The study has been well-received by other academics and in the popular press. Companies in competitive industries — “which is pretty much everybody,” Warr said — know that teams with greater diversity get better results. “They have been wanting a comprehensive, robust, statistically well-done study that proves it,” he said. “That’s what ours does.”

With the business community and society at large asking questions about the role of equality in the workforce as it plays out in such areas as immigration and whether to extend benefits to same-sex partners, the study results are particularly timely. In a competitive business climate, companies value innovation as a way to keep themselves fresh and set themselves apart. The research findings reveal a solid economic reason for diversity.
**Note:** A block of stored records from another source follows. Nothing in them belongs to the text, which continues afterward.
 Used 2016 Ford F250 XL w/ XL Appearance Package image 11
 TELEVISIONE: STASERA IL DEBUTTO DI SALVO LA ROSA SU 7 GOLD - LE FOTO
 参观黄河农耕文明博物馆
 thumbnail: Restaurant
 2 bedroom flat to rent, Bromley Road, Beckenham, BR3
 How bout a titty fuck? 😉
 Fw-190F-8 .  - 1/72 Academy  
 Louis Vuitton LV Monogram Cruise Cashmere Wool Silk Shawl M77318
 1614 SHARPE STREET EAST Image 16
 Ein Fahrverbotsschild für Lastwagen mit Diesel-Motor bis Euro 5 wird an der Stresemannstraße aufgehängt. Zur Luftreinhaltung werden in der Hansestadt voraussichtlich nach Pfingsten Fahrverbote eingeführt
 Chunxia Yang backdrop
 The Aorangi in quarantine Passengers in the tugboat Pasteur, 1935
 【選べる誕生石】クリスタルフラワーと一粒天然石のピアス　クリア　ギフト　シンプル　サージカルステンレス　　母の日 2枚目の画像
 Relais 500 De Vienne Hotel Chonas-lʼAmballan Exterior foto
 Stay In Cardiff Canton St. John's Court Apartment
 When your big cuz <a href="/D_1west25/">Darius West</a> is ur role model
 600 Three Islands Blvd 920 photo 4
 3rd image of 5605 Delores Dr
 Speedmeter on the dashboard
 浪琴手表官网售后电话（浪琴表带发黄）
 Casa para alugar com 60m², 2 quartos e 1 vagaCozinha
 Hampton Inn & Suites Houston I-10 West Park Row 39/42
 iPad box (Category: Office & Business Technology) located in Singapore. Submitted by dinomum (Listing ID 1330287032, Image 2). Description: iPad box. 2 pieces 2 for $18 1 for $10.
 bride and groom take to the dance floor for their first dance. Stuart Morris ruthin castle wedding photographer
“If you want to be innovative, you should embrace a wide range of qualified, talented people to work for you,” Warr said. “Cast your net as wide as possible, then hire the people with the best skills.”

And then, create the sort of environment where they want to work, where they feel welcome and their contributions are valued.

If you want to be innovative, you should embrace a wide range of qualified, talented people to work for you. Cast your net as wide as possible, then hire the people with the best skills.

Warr and Mayer expect to continue their collaboration. They want to probe for other explanations for their findings. For instance, pro-diversity policies don’t happen by accident. They likely would have been instituted by an enlightened management team.

“We haven’t gotten to the root of the question,” Warr said. “What is the management thought process that leads to putting those policies in place?”

The study has received quite a bit of attention in the media. Articles about the researchers and their findings have been published in Fast Company and Psychology Today, and NBC News and National Public Radio each produced a segment on the implications of the research. The work is in line with results of prior studies on diversity in teams.

“You don’t have to suspend your belief in the way things work to believe the story,” Warr said. “It makes sense. It’s a strong argument for embracing diversity and inclusivity. There’s real money to be made from diversity and inclusion.”